TASK DESCRIPTION: Output the data below exactly as it is, dropping the pictures from your copy.

GIVEN INFORMATION:
-=-=-=-=-

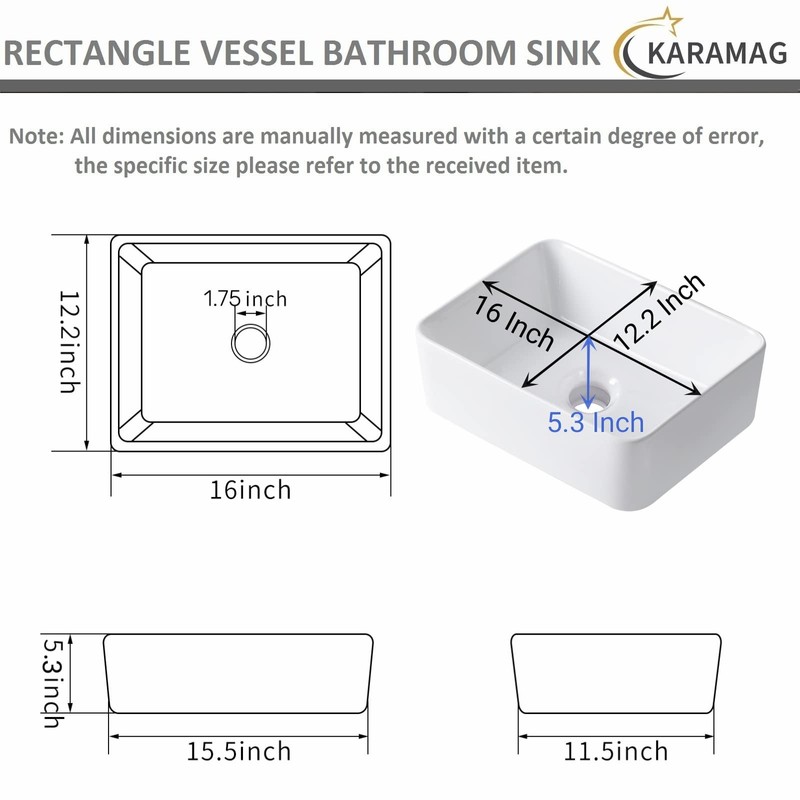 White Vessel Sink Rectangle 16"x12" Bathroom Sink Rectangular Modern Above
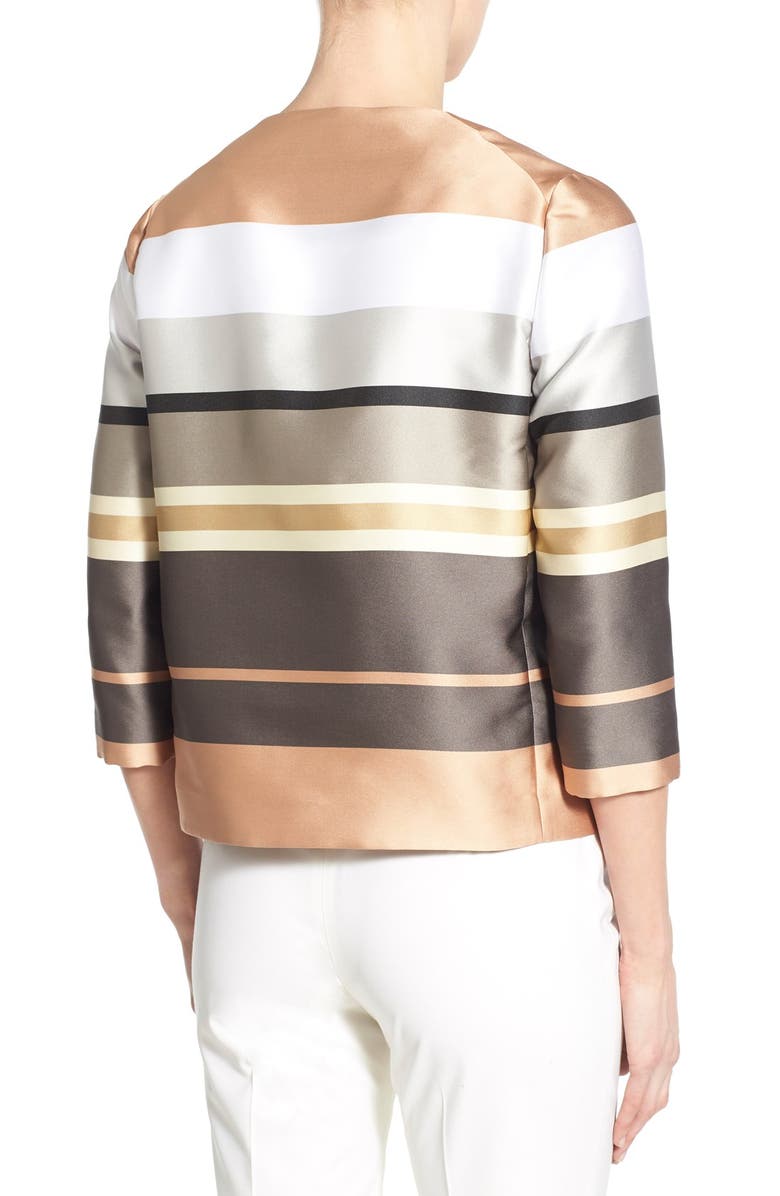 Lafayette 148 New York 'Leo' Stripe Collarless Jacket, Alternate, color,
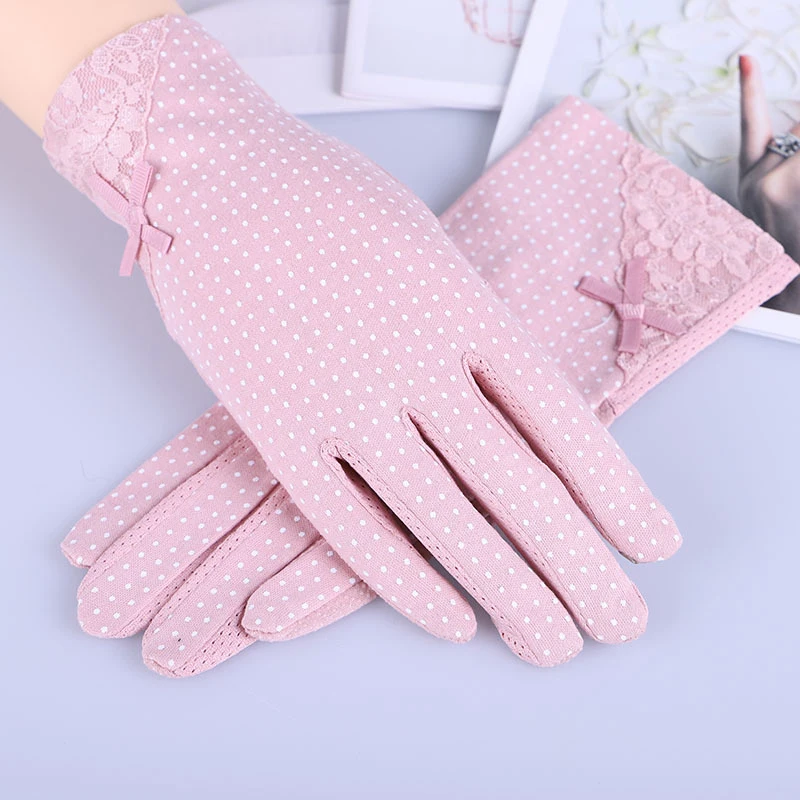

New Women Sunscreen Gloves Summer Lace Stertchy Touch Screen Gloves Anti Uv Slip Resistant Driving Gloves Ladies Guantes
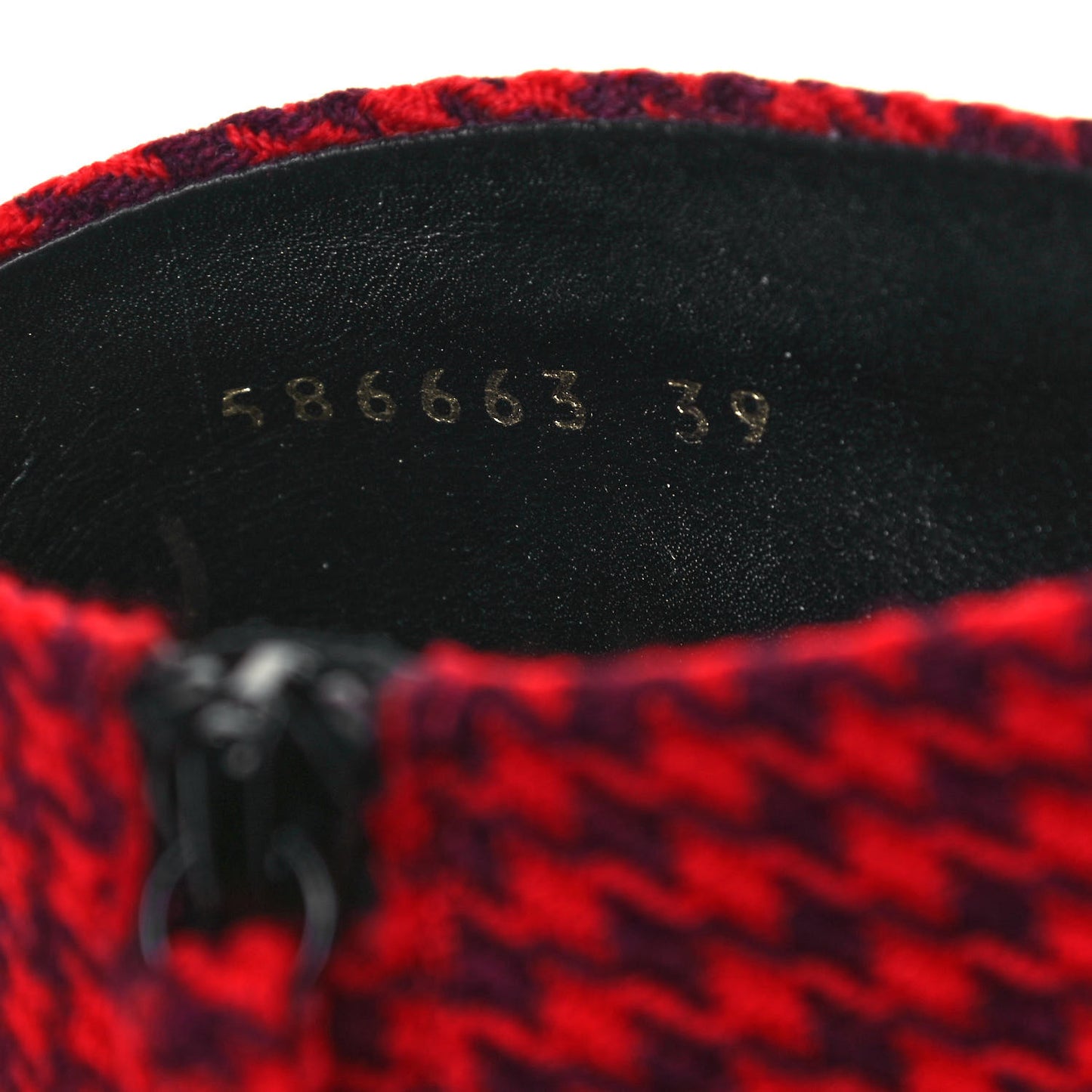 Wool Houndstooth BB Pointy Toe Ankle Booties 39 Red Black Gold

-=-=-=-=-

WRITTEN SOLUTION:
 White Vessel Sink Rectangle 16"x12" Bathroom Sink Rectangular Modern Above
 Lafayette 148 New York 'Leo' Stripe Collarless Jacket, Alternate, color,

New Women Sunscreen Gloves Summer Lace Stertchy Touch Screen Gloves Anti Uv Slip Resistant Driving Gloves Ladies Guantes
 Wool Houndstooth BB Pointy Toe Ankle Booties 39 Red Black Gold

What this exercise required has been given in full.